Le nombre de masters spécialisés ne cesse d’augmenter, sans coordination ni prise en compte des capacités réelles d’emploi du secteur.
Le secteur culturel fait recette. Les formations aux métiers dits « de la culture » témoignent du nombre toujours croissant de demandes. Pourtant, le secteur ne pourra pas éternellement pourvoir autant d’emplois que cet engouement l’exigerait. L’université publique et les grandes écoles proposent aujourd’hui sur le territoire national des centaines de cursus répartis en deux sous-secteurs. D’un côté, les formations du « management de la culture » vont de la plus généraliste (Dauphine) aux plus précises (« management et carrières d’artistes » en musiques actuelles, à Lyon II, ou « Professionnels du marché de l’art » à la Sorbonne, en partenariat avec Christie’s). De l’autre côté, la gestion et la valorisation du patrimoine intègrent la médiation, la muséologie, la politique des publics… En 2007, selon la dernière étude globale réalisée par l’observatoire des politiques culturelles pour le ministère de la Culture et de la Communication (2008), il y avait 282 formations de ce type, dont 168 donnant le grade de master. Sept ans plus tard, on peut estimer que le nombre de masters a dépassé les 200, ce qui revient à former plus de 5 000 étudiants par an pour le secteur (1). Si l’étude de 2008 se félicite que l’université ait su répondre à une demande de professionnalisation sur le long terme du secteur, elle relève aussi déjà la problématique de l’inflation: le chômage et la précarisation des emplois posent la question du nombre d’étudiants et de leur surqualification.
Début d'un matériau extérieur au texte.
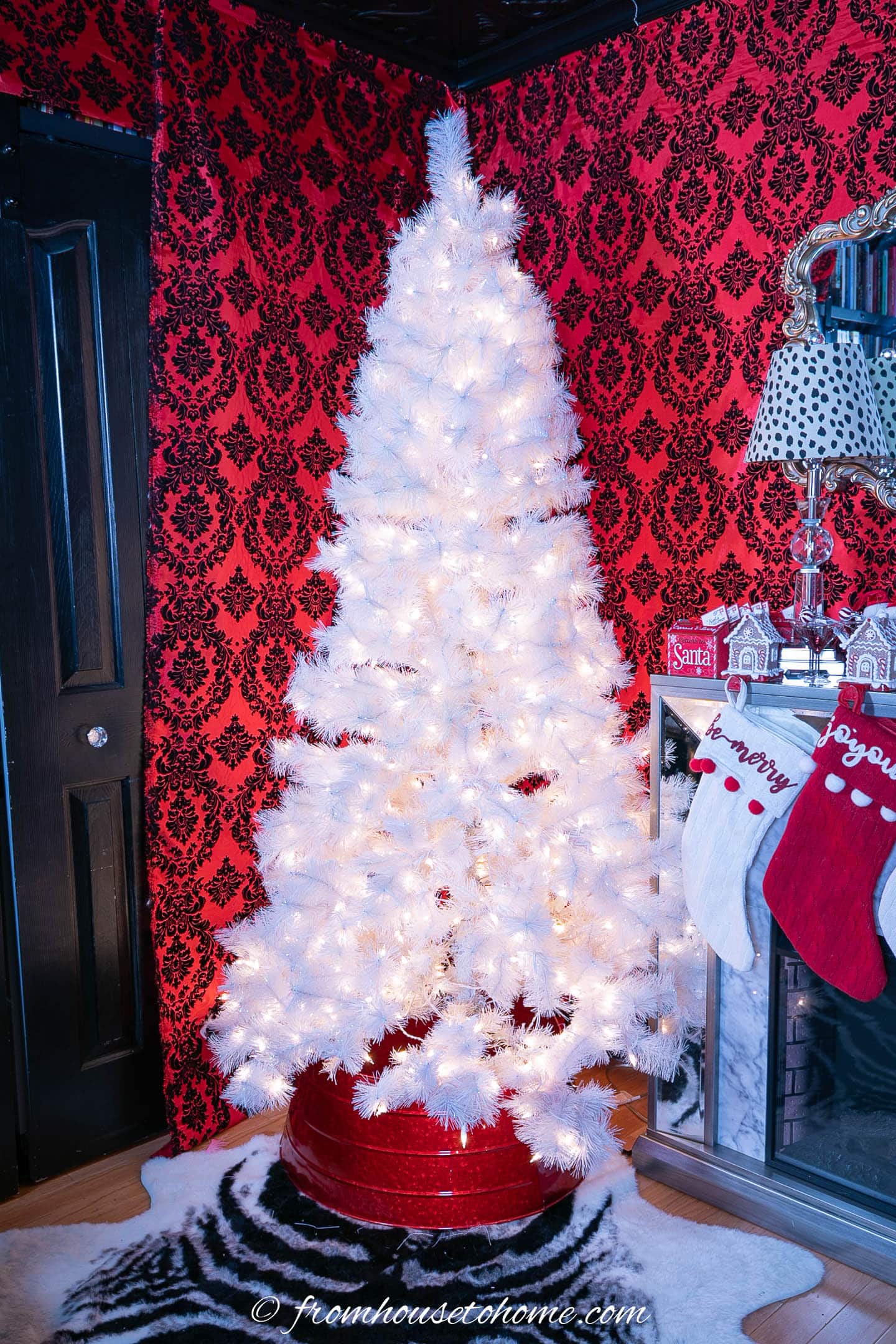 White Christmas tree with a red tree collar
Or le constat s’accentue aujourd’hui, avec la contraction des moyens publics. Du point de vue pédagogique, le constat était bienveillant, et la tendance se confirme : l’équilibre entre matières techniques et matières culturelles est surveillé, l’intégration des professionnels dans les équipes pédagogiques est croissante. Le rapport critiquait aussi une dimension internationale trop faible : des changements ont commencé à s’opérer, comme à Bordeaux où le master « ingénierie de projets culturels et interculturels » s’est tourné vers l’Europe. Mais les bons exemples sont encore isolés.
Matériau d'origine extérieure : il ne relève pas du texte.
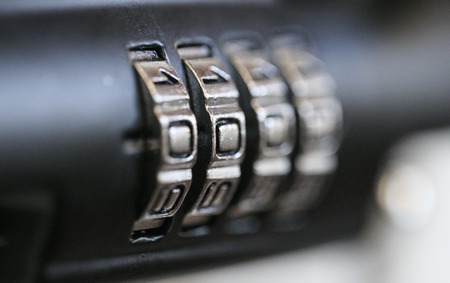 combination padlock in a wooden doorの写真素材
Un suivi professionnel inabouti
Le bilan était nettement plus sévère concernant l’évaluation : autoévaluation insuffisante, suivi des anciens étudiants inexistant. De ce point de vue, presque rien n’a changé depuis 2008. Concernant la mesure de l’insertion post-diplôme, la première raison avancée pour expliquer cette insuffisance est technique : quand elle est confiée au bureau de la vie étudiante, ce service central de l’université non spécialiste du secteur collecte peu de données. Si elle est assurée par le master lui-même, au mieux, il existe un mini-réseau social fondé sur le déclaratif et une adresse mail abandonnée au gré de la carrière… Au pire, les responsables ne s’y attellent pas : « à côté des enseignements, il ne me reste environ que sept heures par semaine pour diriger la formation : maquette pédagogique, recrutements, évaluation… c’est peu », explique l’un d’eux. Il y a encore des blocages idéologiques de certains enseignants qui marquent de la défiance à l’égard des entreprises : « Pour beaucoup d’étudiants, l’idée n’est plus d’avoir une colonne vertébrale intellectuelle mais uniquement d’acquérir des compétences en vue d’être employable. Il faut réfléchir au rôle de l’université. » Pourtant, la loi de 2013 rend obligatoire ce contrôle de l’insertion professionnelle : quel type de contrat ? Le niveau de salaire est-il en adéquation avec le profil très qualifié ? Aucun master interrogé par nos soins ne dispose de ces informations sur les trois dernières années.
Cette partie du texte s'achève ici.